»»
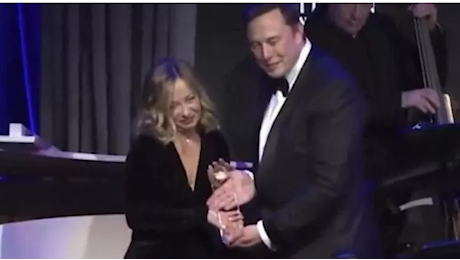 Meloni premiata da Musk, show nazionalista della premier. Elon: “Giorgia fa un lavoro incredibile”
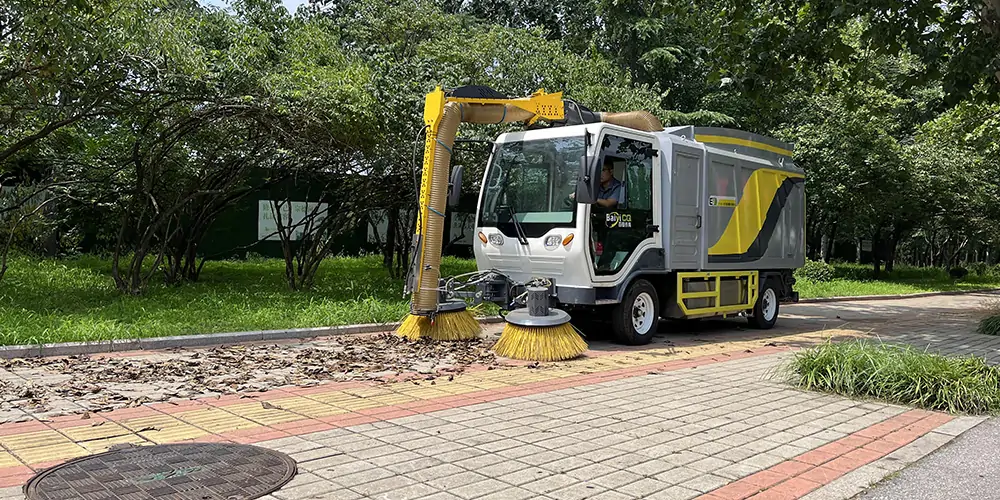 純電動樹葉收集車_多功能樹葉收集車_吸樹葉的機器_掃樹葉神器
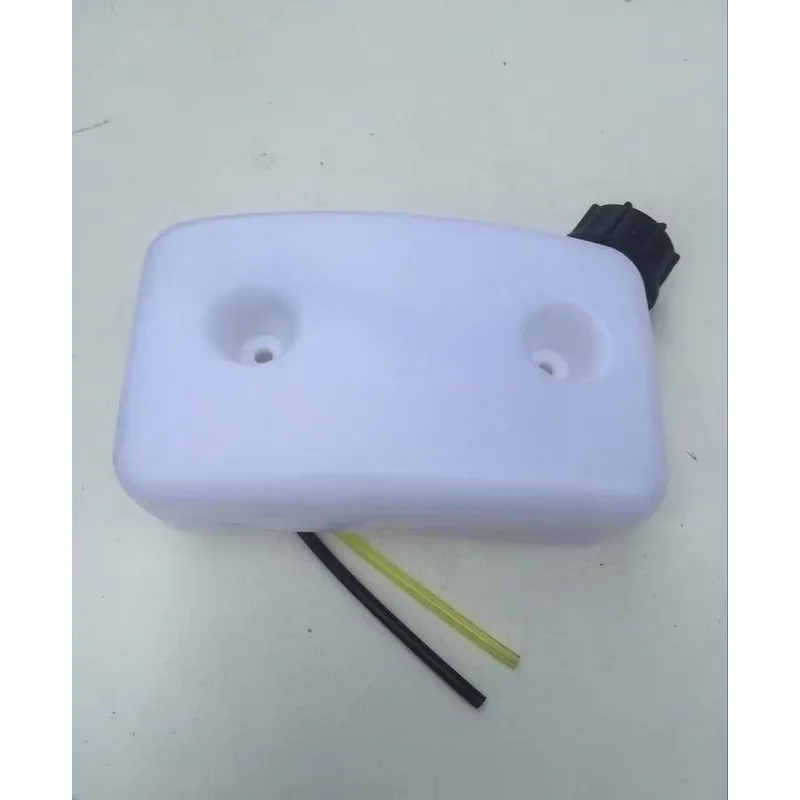 

Топливный бак для 4-тактного двигателя с воздушным охлаждением 3,6 л.с. / 4,0 л.с. для подвесного двигателя Hangkai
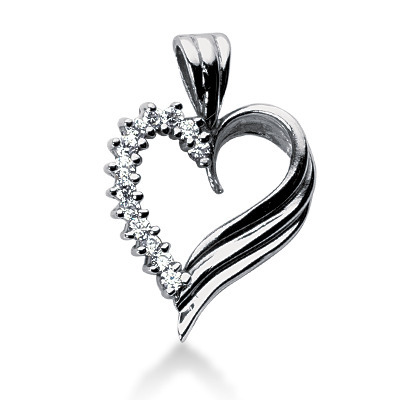 0.39 CT Diamond Heart Shape Pendant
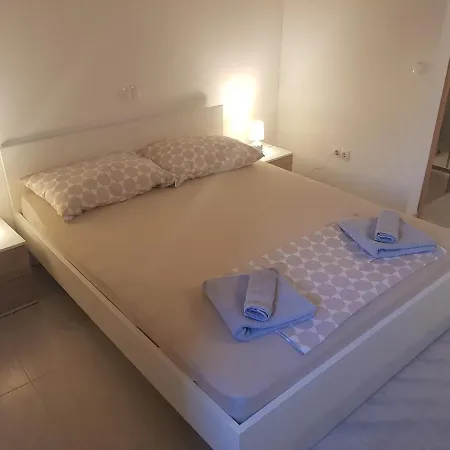 Ela Apartment Nin
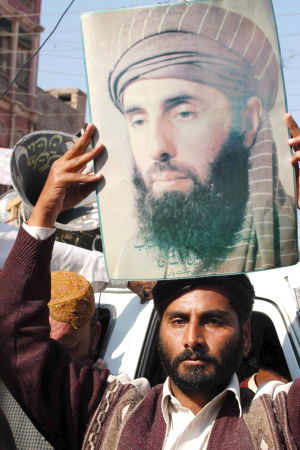 Hezb-i-Islami grundades och leds av den drygt 60-årige Gulbuddin Hekmatyar som lever i landsflykt, förmodligen i Pakistan Hezb-i-islami grundades och leds av den drygt 60-årige Gulbuddin Hekmatyar som lever i landsflykt, förmodligen Pakistan
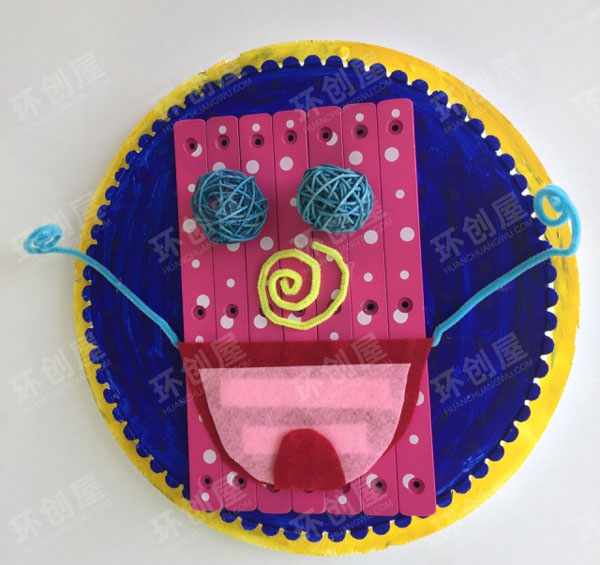 幼儿园利用废物布置走廊图片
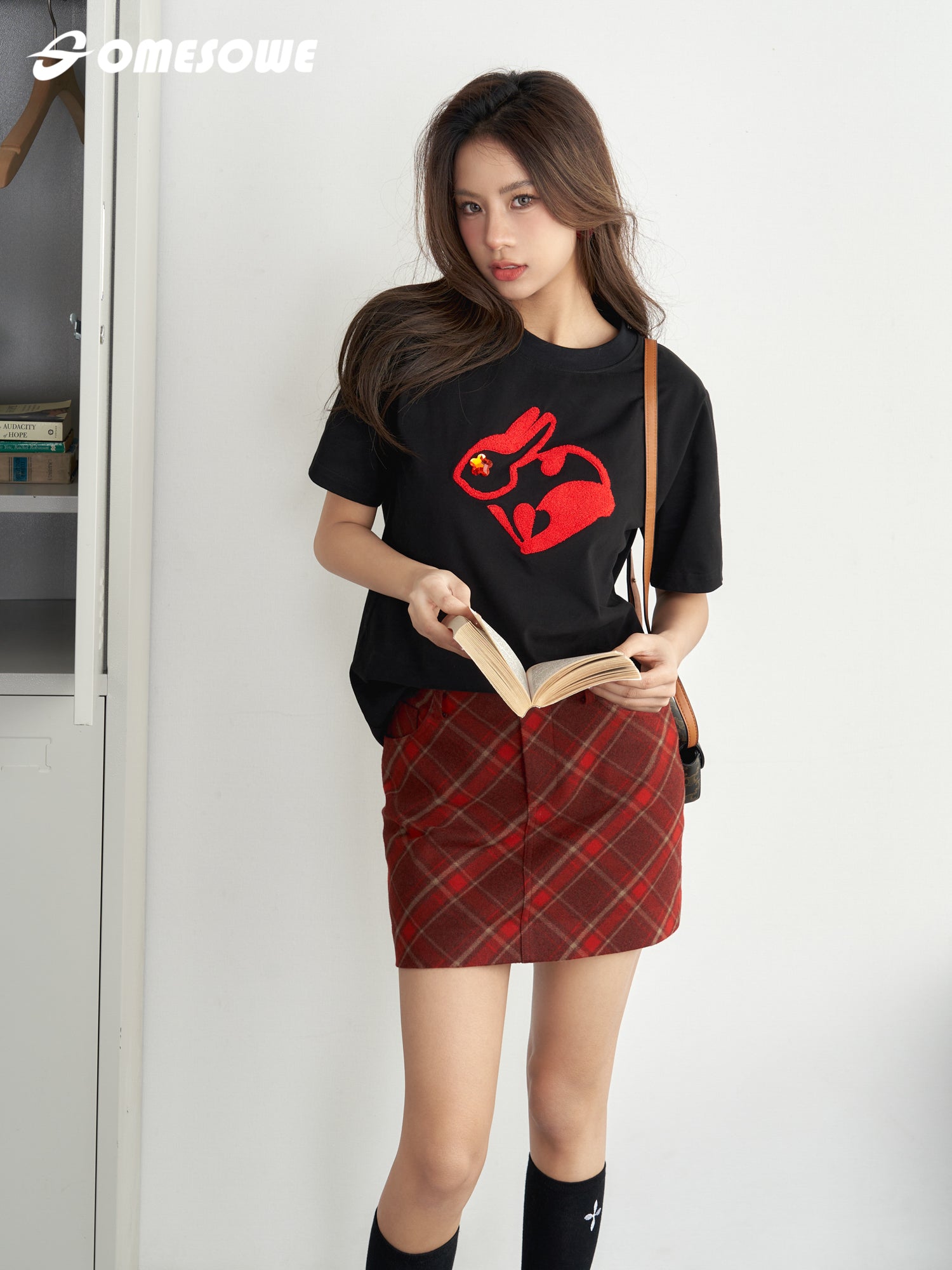 SOMESOWE Black T-Shirt With Red Rabbit Embroidery | MADA IN CHINA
««
Description of the task: Leave the pictures out and reproduce every record above exactly.

Solution:
 Meloni premiata da Musk, show nazionalista della premier. Elon: “Giorgia fa un lavoro incredibile”
 純電動樹葉收集車_多功能樹葉收集車_吸樹葉的機器_掃樹葉神器

Топливный бак для 4-тактного двигателя с воздушным охлаждением 3,6 л.с. / 4,0 л.с. для подвесного двигателя Hangkai
 0.39 CT Diamond Heart Shape Pendant
 Ela Apartment Nin
 Hezb-i-Islami grundades och leds av den drygt 60-årige Gulbuddin Hekmatyar som lever i landsflykt, förmodligen i Pakistan Hezb-i-islami grundades och leds av den drygt 60-årige Gulbuddin Hekmatyar som lever i landsflykt, förmodligen Pakistan
 幼儿园利用废物布置走廊图片
 SOMESOWE Black T-Shirt With Red Rabbit Embroidery | MADA IN CHINA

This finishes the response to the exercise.